[Source data]
=== Begin Enclosure ===
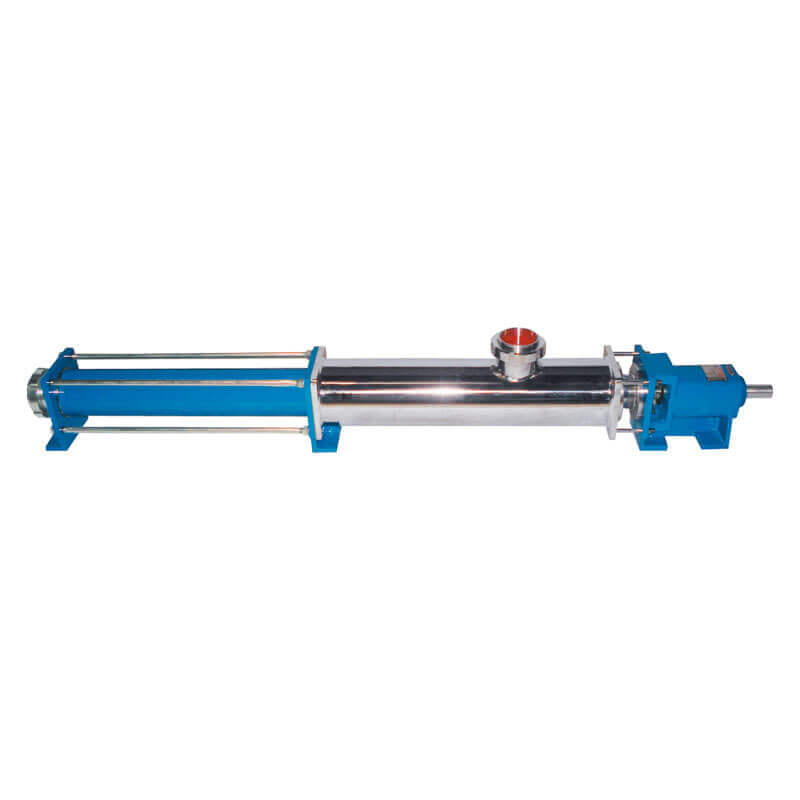 Progressive Cavity Hygiene Sanitary Horizontal Water Pumps Series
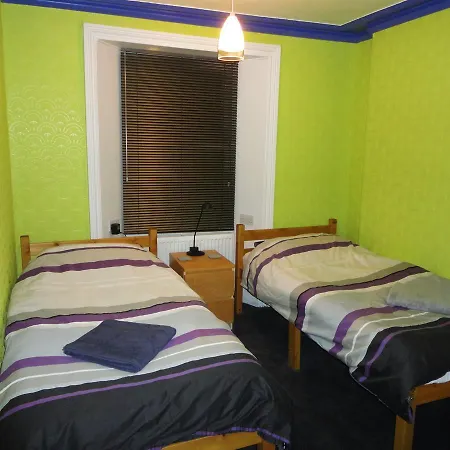 Ryder House Bed & Breakfast Alston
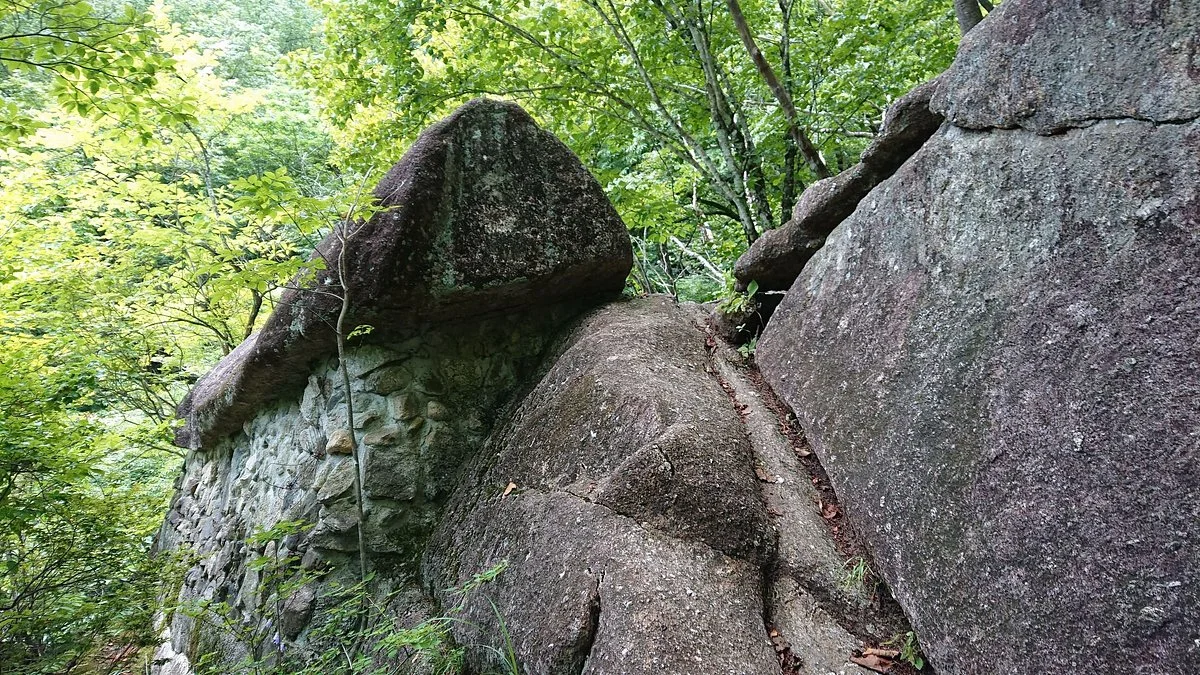 Stone Statue of Neshaka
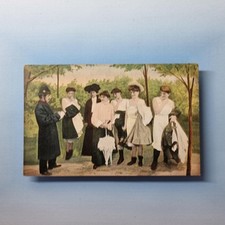 Risque Postcard C1910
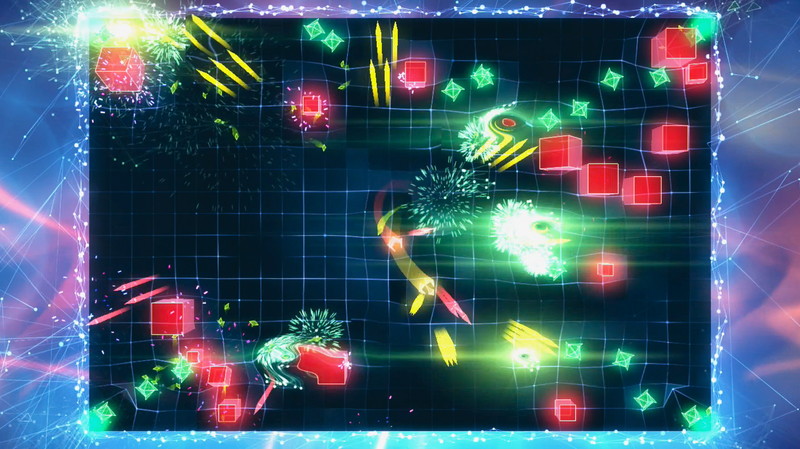 Geometry Wars 3: Dimensions - screenshot 6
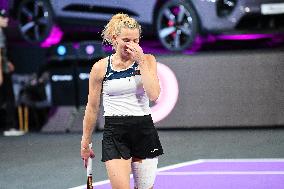 Transylvania Open 2025 - WTA 250 Tournament - Day 4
=== End Enclosure ===
* [What the task asks] All of the entries above should be duplicated exactly, except for the pictures.

* [Answer to this problem]
 Progressive Cavity Hygiene Sanitary Horizontal Water Pumps Series
 Ryder House Bed & Breakfast Alston
 Stone Statue of Neshaka
 Risque Postcard C1910
 Geometry Wars 3: Dimensions - screenshot 6
 Transylvania Open 2025 - WTA 250 Tournament - Day 4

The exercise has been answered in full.